All of the data below should be set down again verbatim, without any images.

++++ ENTRIES PROVIDED ++++

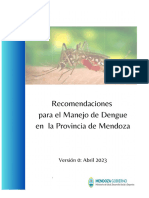 Recomendaciones para El Majejo de Dengue en La Provincia de Mendoza. Version 0. Abril 2022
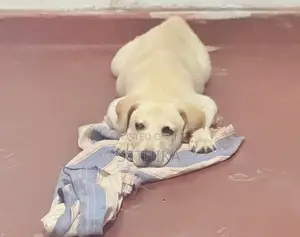 Labrador Dog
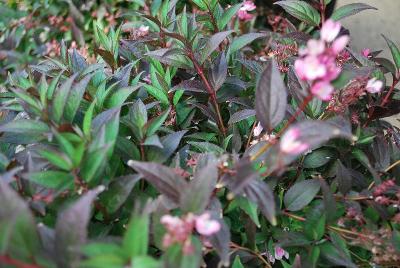  Deutzia Yuki Cherry Blossom™ 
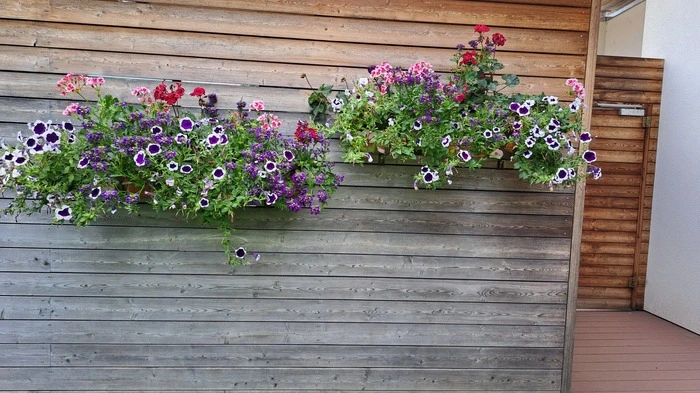 Der Kindergarten Straß ließ seinen Garten erblühen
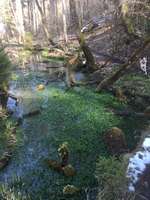 Hundeauslaufgebiet-Grünwalder Forst - Georgenstein-Bild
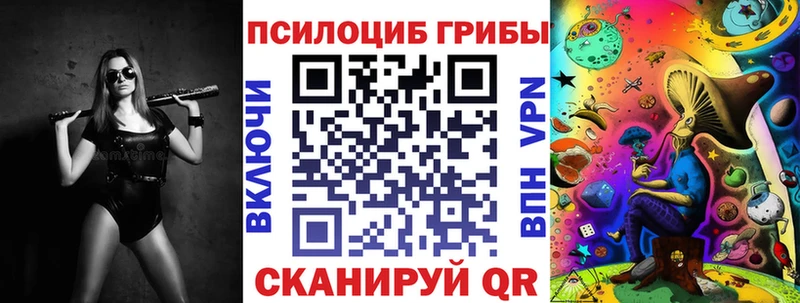 Галлюциногенные грибы Psilocybine cubensis  kraken ССЫЛКА  Дудинка 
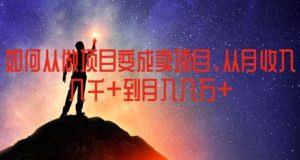 如何从做项目变成卖项目，从月收入几千到月入几万【揭秘】-大象聊项目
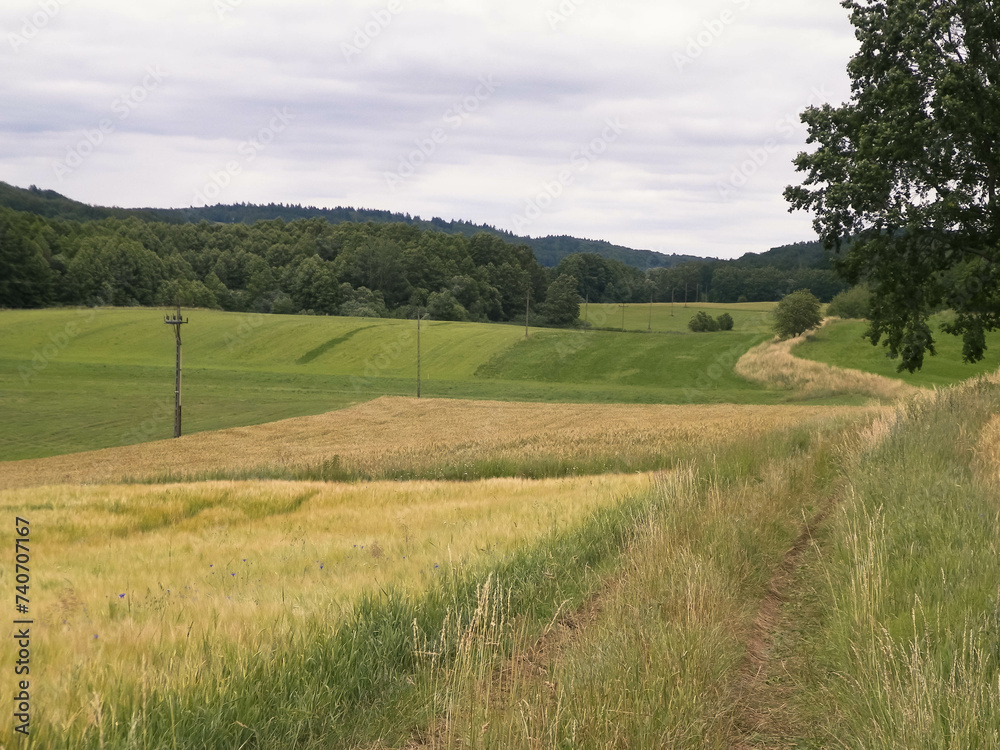 Fields and meadows of Wiezyca. Kashubia Region. Poland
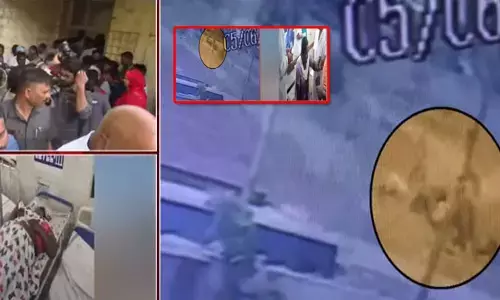 Guntur: డ్రైవర్ నిర్లక్ష్యం.. ఏడుగురు దుర్మరణం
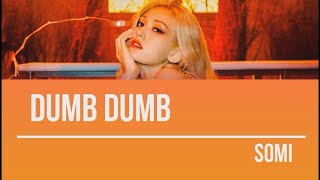 SOMI - DUMB DUMB (LYRICS & COVER)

++++

**RESPONSE AREA**:
 Recomendaciones para El Majejo de Dengue en La Provincia de Mendoza. Version 0. Abril 2022
 Labrador Dog
  Deutzia Yuki Cherry Blossom™ 
 Der Kindergarten Straß ließ seinen Garten erblühen
 Hundeauslaufgebiet-Grünwalder Forst - Georgenstein-Bild
 Галлюциногенные грибы Psilocybine cubensis  kraken ССЫЛКА  Дудинка 
 如何从做项目变成卖项目，从月收入几千到月入几万【揭秘】-大象聊项目
 Fields and meadows of Wiezyca. Kashubia Region. Poland
 Guntur: డ్రైవర్ నిర్లక్ష్యం.. ఏడుగురు దుర్మరణం
 SOMI - DUMB DUMB (LYRICS & COVER)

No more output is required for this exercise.